Sophia’s Story by Susan McKay
When Sophia was six years old she was raped by her father. It wasn’t the only time it happened, in fact, it happened repeatedly for years. Sophia did not stop getting raped and beaten by her father until she went away to college, even then, Sophia still suffered emotional abuse from her father. Sophia wasn’t the only one. Her siblings and mother were all abused by her father.
On the outside, he looked like a normal guy, and was maybe perhaps charming, but behind closed doors, or when people turned their heads the other way, Sophia and her entire family were terrorized.
It wasn’t as if people didn’t know. Sophia told authorities and hospital workers that her father had broken her nose, when she was about nine. People heard it and some steps were made to do something about it, but nothing was ever followed through with. Sophia’s older brother, Gerry, ran away from home repeatedly and told people he had been abused by his father and that his sister Sophia was also being abused, but again, nobody stepped in.
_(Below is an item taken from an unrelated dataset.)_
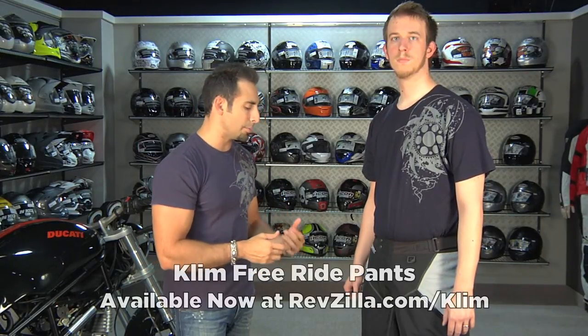Thanks for watching our brief overview of the new for 2011 Climb Freeride Pant, available at RevZilla.com/climb. I'm Anthony — we'll see you next time.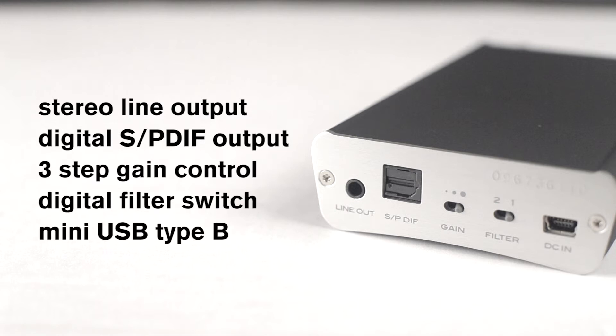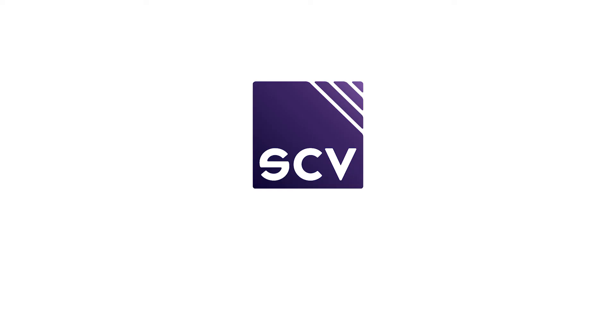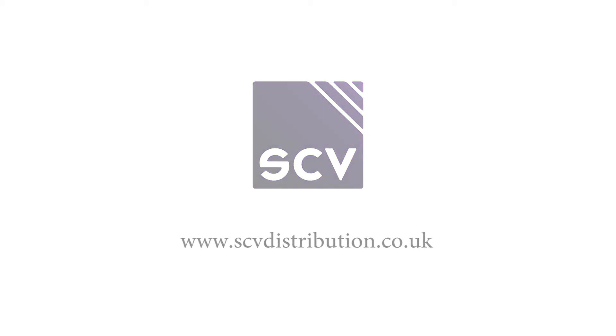A mini USB Type-B port is also included for powering the HP P1 or recharging the internal battery. We'll see you next time.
Sophia’s mother could not speak up, and some blame her for what happened, but Sophia’s mother was emotionally and physically abused. She was a mental prisoner to her husband and couldn’t say anything.
It wasn’t until after Sophia graduated college that she was able to come forth and tell the world what had happened to her and her siblings. The court case that ensued was the largest court case of its type in Ireland. Sophia and her siblings were able to go after the local government for not stepping in. Her father was sentenced to some time, but not very much for what he did. Ultimately, Sophia left Ireland. She talks about her experiences and has made a life for herself, but many do not hold a lot of hope that a lot has changed in Ireland.
What I liked
There isn’t a lot to like about this book. It’s a story of caution. The system can, and does, fail. Children and women fall through the cracks. The laws and measures put in place to safe-guard them are sometimes not enough or not followed through with and this book is an excellent example of how that can happen.
What I didn’t like
I will never, never, never understand how someone could treat their own child like this. I don’t understand how anybody could treat anybody else like this, but your own kids? How in the world could you look at the child that you’re supposed to be protecting and be like, “I’m going to beat the crap out of you then I’m going to rape you, for the heck of it”? The cruelty of humanity is ever-surprising to me. What’s even worse is that people sometimes look the other way. People don’t want to rock the boat so they don’t say anything.
Oh, they know about what’s going on down the road, but it’s family business and they keep their mouths shut. You’re supposed to stay married and you’re supposed to honor your parents, so buttoned-lips for all around. This is so disgusting.
Recently, on my personal site, I wrote about the hypocritical idea that some supposed “Christians” espouse the idea that you’re supposed to stay married no matter what, even if there is emotional, physical, or sexual abuse going on because that person could repent. “Could repent” and “actually repenting” are two different things. In reality, people are not supposed to stay in dangerous situations because someone thinks “they’re supposed to.” If you’re standing next to a bomb, but you have plenty of time to move out of the way before it goes off, you should move out of the way; it’s only common sense. Why can’t this idea be taken up where abusive situations are concerned?
Why can’t it be as simple as, “Well, you’re being abused…you should leave.” It’s not complicated. It’s not rocket science. Why can’t we hear about a child being abused and then wheels be put into motion to get that child out of that situation in a speedy manner because abuse isn’t good for you. Why can’t we tell women who are being emotionally and physically abused by their husbands to leave and them not be criticized for leaving their marriage?
Everyone failed Sophia. Everyone. The agencies that should have helped her, didn’t. Her mother was too emotionally abused to be able to say anything. Her brother tried, but no one listened to him. Neighbors turned their eyes in a different direction. What the heck?
Ultimately, it doesn’t sound as if a lot has changed in Ireland for the betterment of abused children and women. People still have a pervading attitude that some things just aren’t talked about. No, let’s talk about those things. Let’s talk about how so-and-so was raped by her father or so-and-so is manipulated into submission by her husband. When you don’t talk about something, you make it taboo, and things that are labeled as taboo are seen as bad and rare, and as a result, even more people don’t want to talk about them. So we end up in an almost-never-ending spiral of making crap taboo and covering problems that should be out in the open.
I don’t know if there is a follow-up for this book or not, but I really hope that Sophia and her siblings have managed to have lives. I really wish them the best.
Is there a situation where you wished you would have said something, but didn’t?
Do you think we still have this attitude of “we don’t talk about that” in today’s society?